Cette leçon, digne du Collège de France, n’avait pas sa place sur Canal plus. Encore moins à une heure de grande écoute. Lorsqu’elle asperge une classe politique qui fait de la vertu, une obligation pour les autres. « Une exception » pour quelques uns. Il ne faut pas révéler aux Français les dessous de table du pouvoir, ses pratiques, à un an des présidentielles. Surtout si les sondages qualifient Marine Le Pen au deuxième tour. L’heure doit être au tollé. A l’indignation, à l’union sacrée, à la moquerie, sous couvert d’expertise et de rigueur…Les mêmes qui reprochent au philosophe une « vanité » sans bornes, versent dans l’arrogance civique.
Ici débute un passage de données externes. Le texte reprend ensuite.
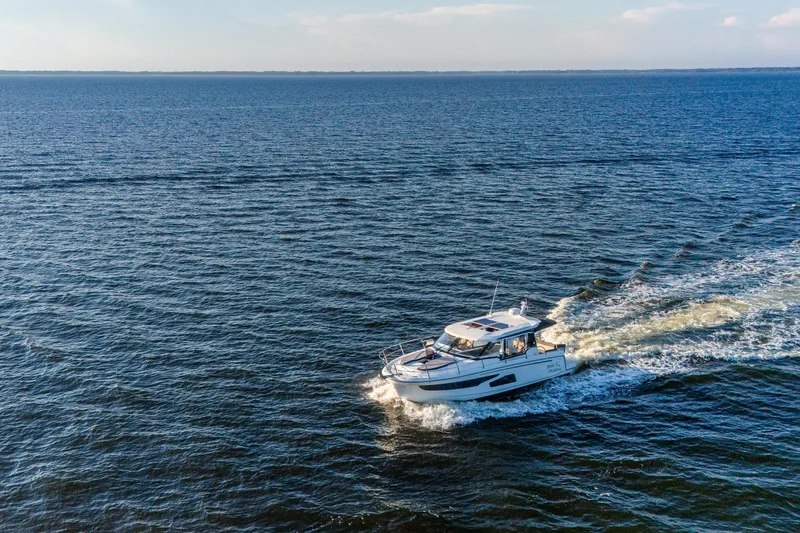 Slide: The Image of 2021 Jeanneau NC 1095 cruising on open water under a clear sky. - 6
Ferry, toujours prompt à débusquer les non-dits, pour soulager une conscience malmenée par les affres du pouvoir, a dynamité les sanctuaires du silence… les « tours jumelles » du grand secret. Il a rappelé qu’on ne peut pas faire à la fois l’éloge de la transparence au nom de la démocratie, demander des comptes aux politiques et avoir autour d’une même table, des journalistes qui partagent les mêmes cachotteries, couvrent les mêmes clients. Garder les cadavres ou les sortir du placard, quitte à en payer le prix politique. C’est la rançon des insoumis, des candidats involontaires au suicide médiatique.